Babcock & Brown’s recent acquisition of Eircom for €2.4bn and activist fund Cevian’s purchase of 72 million shares in TeliaSonera indicate a growing interest by investment houses in telecoms firms. However, Ovum points out that while the telecoms sector is an attractive market for telecoms operators, these businesses are not risk-free and nothing is straightforward.

Last year Apax Partners led the purchase of TDC in Denmark and in Spain France Telecom beat off two rival offers from investment groups for Amena.

Mike Cansfield, principal analyst at Ovum, commented: “Telcos are underperforming in terms of what they give back to their shareholders and in terms of their share prices. The opportunity is to buy now while share prices are low, get involved in the management of the company, develop the business and then sell in the future when bigger profits drive values higher.

“But (as ever) there is another side of the coin. Telecoms is a complex high-tech sector that also happens to be undergoing a fundamental transformation. Next-generation networks (NGNs) underpin much of the potential in the sector but these investments are not risk-free.

“Whilst telcos, particularly incumbents, can generate cash — and so pay short-term dividends — they are finding it much harder to grow revenues as the fixed business declines and as mobile growth runs out of steam. Hence low share prices.”

Cansfield continued to say that if you look at how telecom firms are structured, the whole is worth less than the sum of the parts. Traditional telcos are structured in vertical silos like fixed, mobile, ISP or by product line. However, these silos create obstacles to doing business as customers have to talk to each silo separately.

“The opportunity for financial investors is to re-orientate the business to create a greater customer/market focus and in so doing simplify their operation and release value. This is rationalising the distribution side of the business,” Cansfield said.

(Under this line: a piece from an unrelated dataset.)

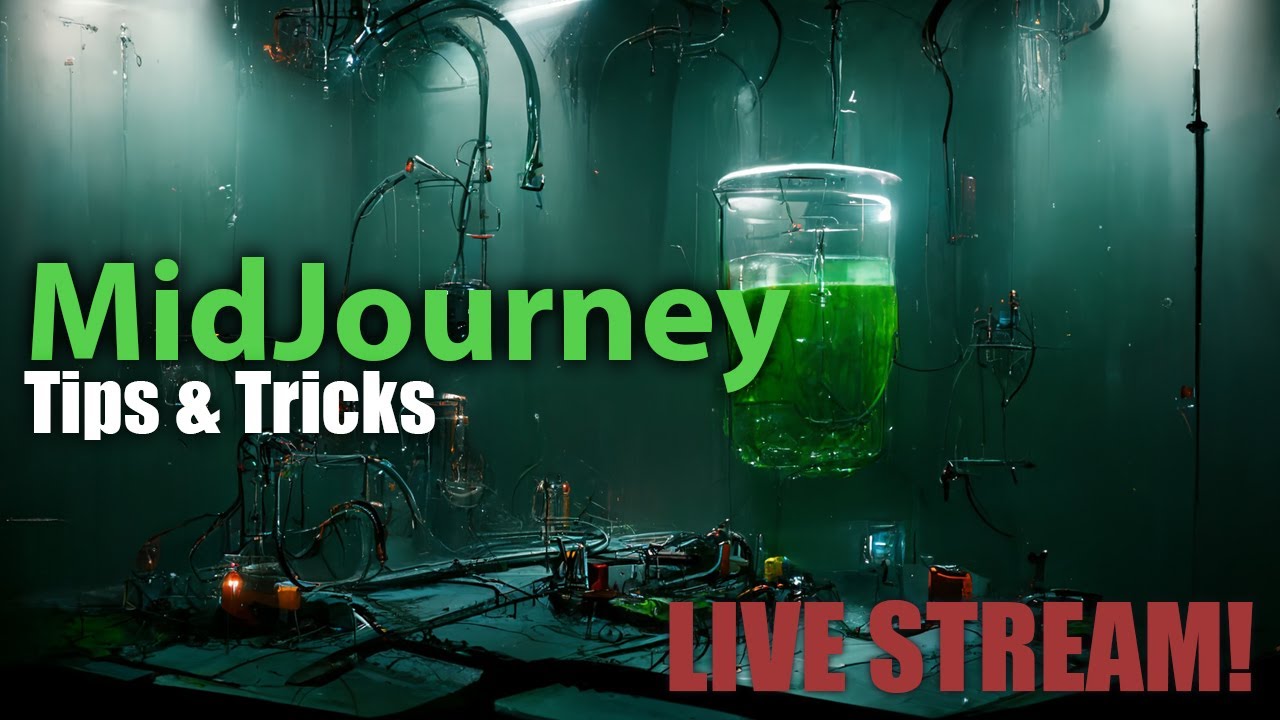 Midjourney! My tips & tricks for getting great images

Another reason why investment firms are interested in telecoms is the ongoing consolidation of telcos’ networks onto one network and cutting out a large swathe of costs. Such actions have been taken by Cable & Wireless when it took over Energis as well as AT&T and the Baby Bells in the US.

“The transformation of the industry through NGNs, convergence of telecoms and IT, and convergent services all enhance this opportunity rather than diminish it. So opportunities exist in telecoms to rationalise the supply-side of the equation too,” said Cansfield.

Cansfield concluded by pointing out that while the fundamentals exist to make telecoms firms attractive and compelling investment opportunities, there is considerable room for risk.

“Without a vertically integrated national telco (ie an incumbent) it is hard to see how this key enabler could be deployed nationally. So whilst the sector is attractive to investment houses, nothing is straightforward.”